Attackers switching to applications, media players

Online criminals are shifting their attacks from operating systems to media players and software programs.

Online criminals shifted their attacks in 2005 from operating systems such as Windows to media players and software programs, according to a study released Tuesday.

Among the software programs under attack are antivirus software, according to the SANS Institute, a nonprofit research group based in Bethesda, Md.

Attackers are changing their targets after Internet service providers and operating systems designers such as Microsoft started shoring up their systems following a barrage of worms, viruses and other online threats in recent years.

The group's report identifies the 20 most targeted software flaws that criminals use to infiltrate computers.

Top Windows vulnerabilities include Microsoft's Internet Explorer Web browser, Windows Office and Outlook Express. The report also listed Apple Computer's Macintosh operating system as a top vulnerability among Unix operating systems.

Apple's OS X operating system is based on Unix, a heavy-duty operating system used principally in corporate data centers and high-powered computers.

Network devices such as routers and switches that direct Internet traffic also are being targeted, SANS said. Cisco Systems made the list with its "IOS" router product line.
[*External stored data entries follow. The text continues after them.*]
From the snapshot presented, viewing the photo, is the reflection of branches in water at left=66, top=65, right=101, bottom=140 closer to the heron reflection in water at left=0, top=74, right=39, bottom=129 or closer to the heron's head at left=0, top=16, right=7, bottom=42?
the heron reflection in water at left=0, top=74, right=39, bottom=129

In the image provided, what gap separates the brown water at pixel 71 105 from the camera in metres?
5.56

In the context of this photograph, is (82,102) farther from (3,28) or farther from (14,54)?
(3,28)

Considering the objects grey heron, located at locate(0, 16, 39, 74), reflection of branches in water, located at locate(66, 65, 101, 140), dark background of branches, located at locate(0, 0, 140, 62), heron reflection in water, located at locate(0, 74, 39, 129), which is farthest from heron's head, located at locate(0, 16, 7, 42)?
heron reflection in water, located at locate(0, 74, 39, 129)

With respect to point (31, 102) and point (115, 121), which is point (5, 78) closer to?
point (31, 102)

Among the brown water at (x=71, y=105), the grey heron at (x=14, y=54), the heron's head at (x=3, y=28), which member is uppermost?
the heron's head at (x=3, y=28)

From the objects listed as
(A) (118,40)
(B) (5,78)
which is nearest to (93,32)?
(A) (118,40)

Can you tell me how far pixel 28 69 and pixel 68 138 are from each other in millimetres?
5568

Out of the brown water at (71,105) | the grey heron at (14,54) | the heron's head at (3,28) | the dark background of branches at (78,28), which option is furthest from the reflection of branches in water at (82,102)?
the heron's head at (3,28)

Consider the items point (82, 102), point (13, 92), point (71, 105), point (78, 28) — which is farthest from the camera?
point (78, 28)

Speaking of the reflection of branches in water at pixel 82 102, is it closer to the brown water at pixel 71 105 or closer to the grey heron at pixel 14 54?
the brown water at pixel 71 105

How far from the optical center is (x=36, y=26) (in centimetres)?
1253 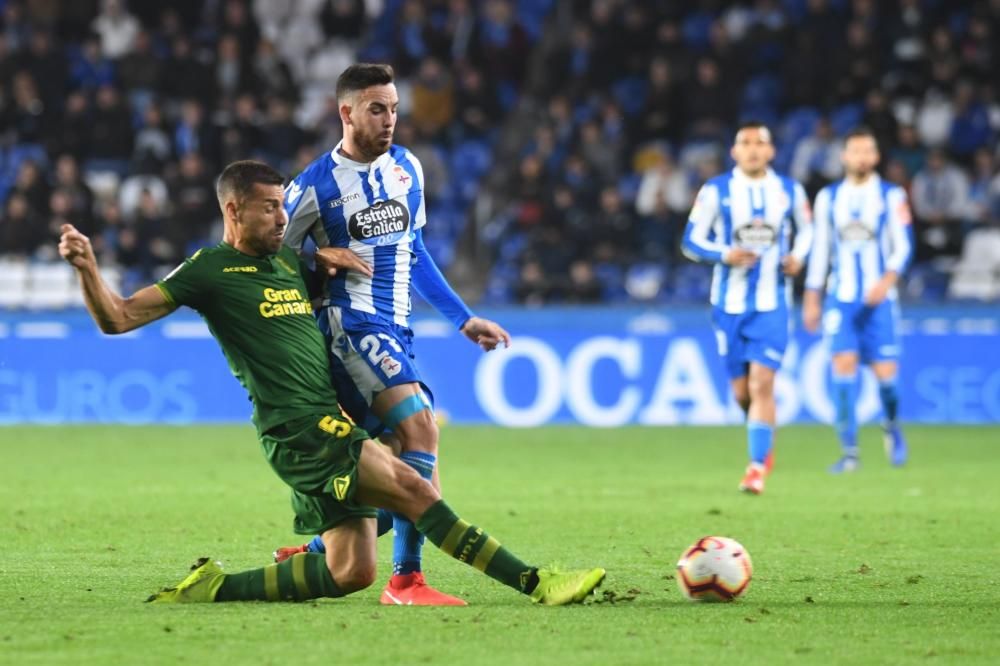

"Network devices often have on-board operating systems and can be programmed like computers," the group said in a statement. "Compromises of network devices can provide attackers one of the most fruitful platforms for eavesdropping and launching targeted attacks."

SANS released the study in cooperation with the U.S. Department of Homeland Security's Computer Emergency Response Team, the U.K.'s National Infrastructure Security Coordination Center and Canada's Cyber Incident Response Center.